Chris – Free the Robots – Alfaro tipped us off on this dude from California named Co. Fee. After we checked out some of his beats online we basically went mad, especially his track Spark Plug blew us out of our shoes. The same for the rest of his tracks; never heard samples and clever beats transformed into little auditive stories. We hooked up and talked about the drive behind his producing, My Hollow Drum and his favorite movies. Give it up for Co. Fee!
Alright, first question. Where do you catch your inspiration, do you have any role models you look up to?
I get inspired by a lot of visual art, mostly illustrators and photographers. I always enjoy checking out an artist blog or book and noticing how they created their own world. There’s a folder I have filled with all the art I find online that I go to whenever I need to get myself inspired.
I grew up on 90’s hiphop also, so that’s a large source of inspiration. Beastie Boys, A Tribe Called Quest and Wu-Tang are the 3 most important groups for me, almost everything that I listen to stemmed from out their influence.
You’re part of My Hollow Drum, is it important for you to be a part of a creative community?
Very important. Once the crew started it just made creating music and doing mixes even more fun for all us, because now there was a group of people we could all share our ideas with.
Is that when your love for producing began to grow?

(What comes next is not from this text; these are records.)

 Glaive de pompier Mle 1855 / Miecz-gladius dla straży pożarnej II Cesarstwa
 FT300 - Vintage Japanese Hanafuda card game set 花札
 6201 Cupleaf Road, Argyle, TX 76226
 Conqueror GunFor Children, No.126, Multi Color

Definitely. After I joined, I really wanted to step up my production to keep up with everyone else in the crew, heavily influenced by all of those guys.
Tell us something about the software and hardware you’re using.

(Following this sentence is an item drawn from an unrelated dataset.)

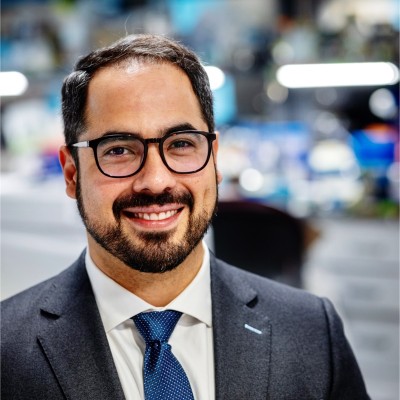 Radames Cordeno Startup.Connect 2025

I used Reason 2.5 all the way up until last year, I then upgraded to 4, and then to 7 most recently. I use it because I’m so used to it now and there’s so much on there. You can really make any genre of music on it if you really want to.
I also had a SP 303; that was a lot of fun to use, but I messed it up pretty bad trying to repair it myself.

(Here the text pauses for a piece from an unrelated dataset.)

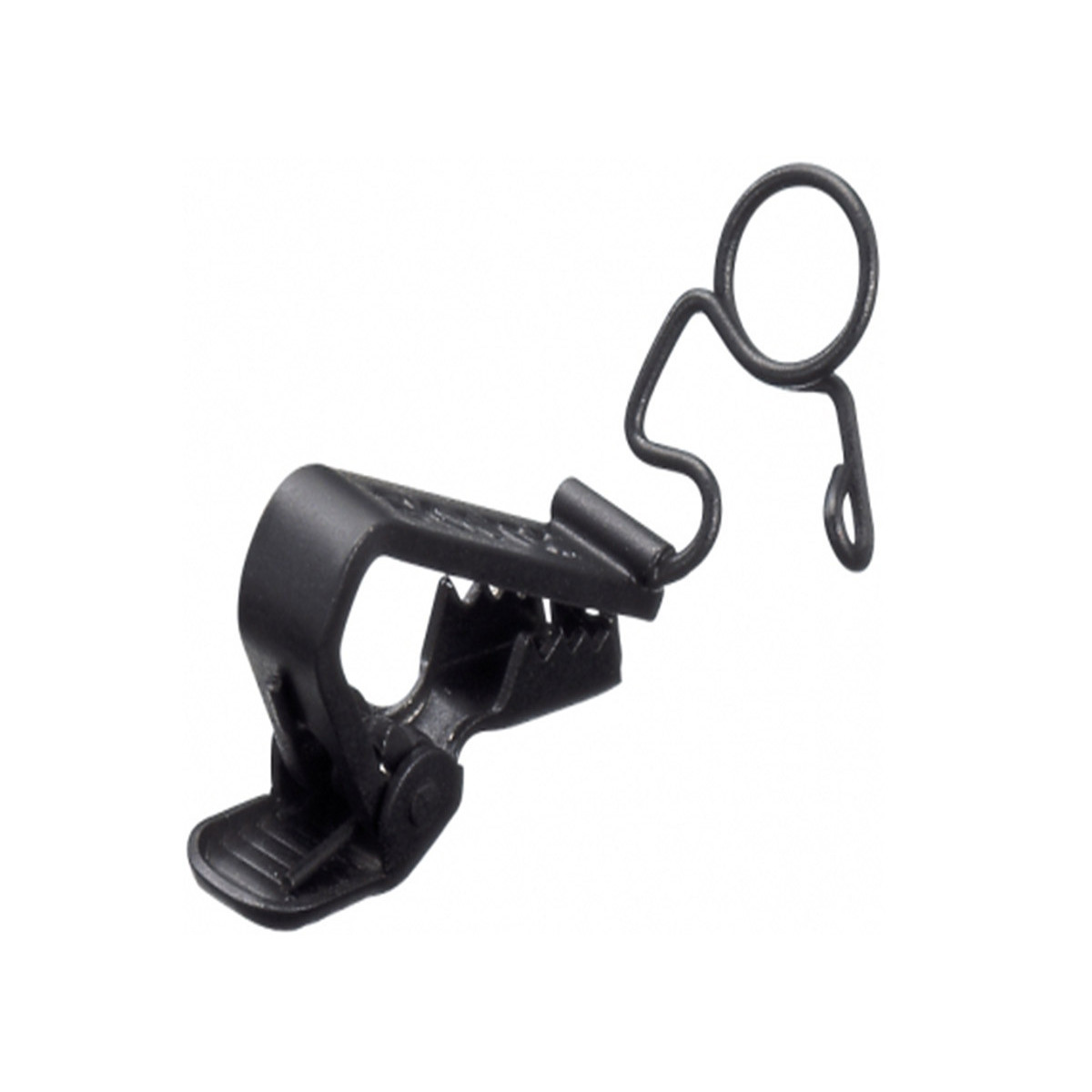 Sony Pack simple clip horizontal pour l'ECM77. Noir, 10 pieces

We know that you’re a big fan of J Dilla. Can you pick you all-time favorite Dilla track? And what makes Dilla’s work so special for you?
Dilla switched his style up quite a bit and I always think it’s amazing when an artist does that, he sounded like a completely different producer every few years. I also feel like even in every phase he was in, anyone could get into his music, it was accessible but still very raw and soulful.
My favorite track would probably be Verbal Clap, the beat he did for De La Soul. That was my favorite Dilla era; around the time he put out ‘Ruff Draft’.
What made you pursue music instead of film?
I didn’t really think about it too much, once I figured out how to make beats I got so obsessed with it. I didn’t leave a lot of room in my head for anything else, I remember I just started college around that time too and my grades were terrible because I kept missing classes haha. Also, I just enjoyed the whole process of making music way more than the screenwriting process.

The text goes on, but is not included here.